The missing safety features are the result of the automaker’s decision to no longer equip Model 3 sedans and Model Y SUVs with radar sensors, instead relying on a camera-based system called Tesla Vision. In a blog post, Tesla says that Tesla Vision-equipped cars will use a camera and machine learning software called a neural network to perform functions once reliant on radar. However, these vehicles “may be delivered with some features temporarily limited or inactive” for a “short period” of time as the automaker introduces the new technology, according to the post. AEB and FCW are currently standard on almost three-quarters of 2021 passenger vehicles, including many entry-level models.
NHTSA's Ratings for the 2021 Tesla Model 3
To be considered for a CR Top Pick, a vehicle must be recommended and have standard FCW and AEB with pedestrian detection. Without standard AEB and FCW, the Model 3’s Overall Score also drops from 78 to 75 and the Tesla Model Y—which was not a recommended vehicle—drops from 50 to 47. Even with the drop in Overall Score, the Model 3 is still recommended.
“With over-the-air updates, Tesla can add and remove features on their vehicles over time,” Fisher says. “We update our scores when key features are added or removed.”

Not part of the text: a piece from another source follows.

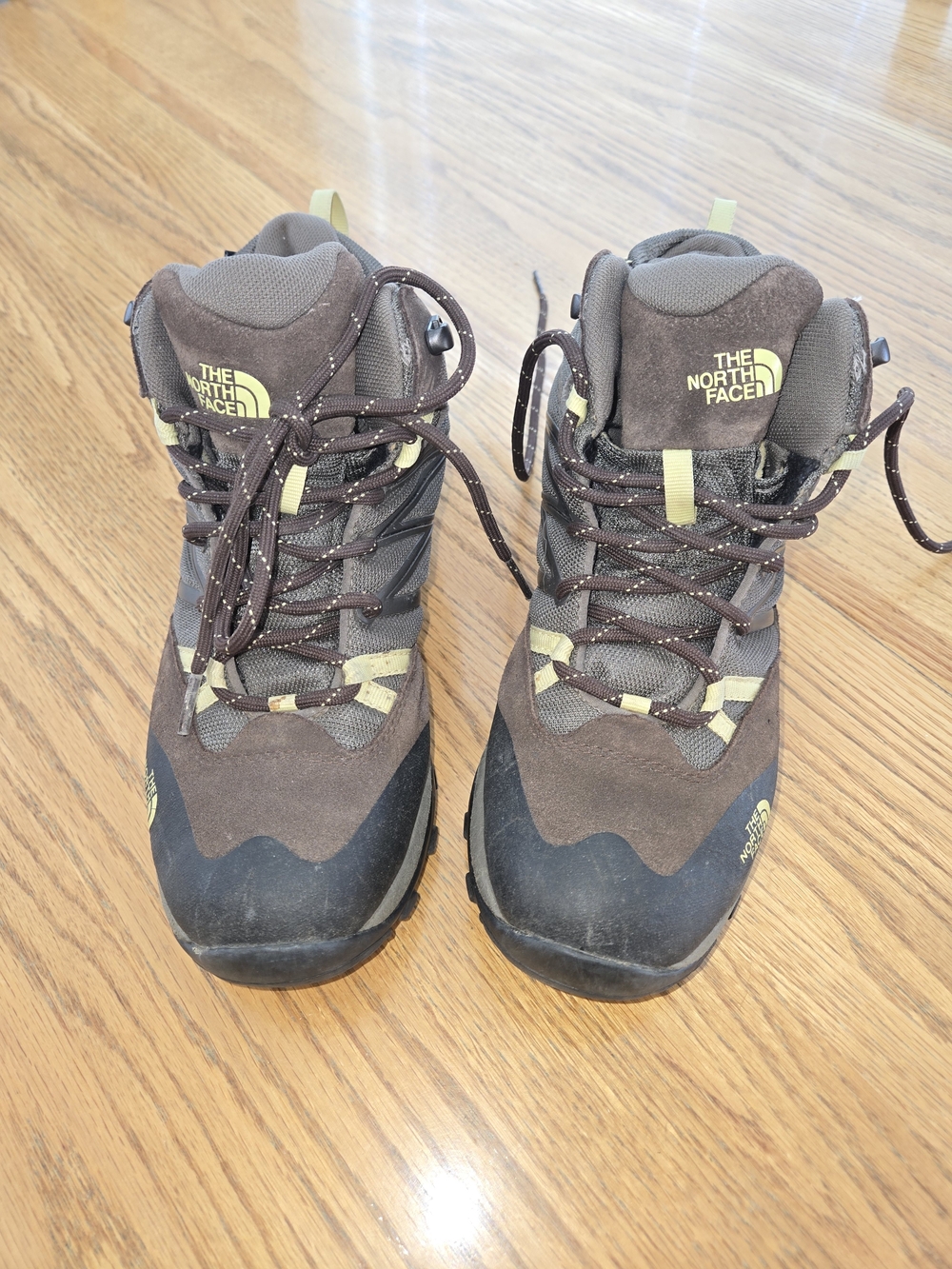 The North Face Brown and Yellow Women's Lace-Up Hiking Boots 7.5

The IIHS is currently updating its website to reflect the change, says Joe Young, a spokesperson for the nonprofit safety agency funded by auto insurers. The ratings page for the Model 3 will indicate that vehicles built before April 27, 2021, still receive the Top Safety Pick+ designation, and that vehicles without radar may regain the award if the safety features return. “We do have plans to test the updated system, however, so it’s possible that disclaimer could be removed if it performs well,” says Young.
Bryan Reimer, a research scientist at MIT and founder of the Advanced Vehicle Technology Consortium who studies Tesla and vehicle automation, says that it’s concerning that Tesla replaced a proven safety system with an unproven one.
“Will the system fueled by vision data alone have an equal or better performance than what has been produced with a radar?” he asks. “If performance is not greater in the new system, we are taking a step backwards in efficacy and consumer transparency, negatively impacting safety,” he says.
On the automaker’s blog, Tesla says that Model S and Model X vehicles are not affected by the production change, and that owners who have a Model 3 or Model Y on order will be notified if their vehicle will not have radar installed.
The automaker also says that vehicles equipped with Tesla Vision will limit Autosteer to a maximum speed of 75 mph and a longer minimum following distance, and that Smart Summon and Emergency Lane Departure Avoidance, a lane keeping assistance feature, may be disabled at delivery. Tesla says it will start restoring these features “in the weeks ahead” through over-the-air software updates.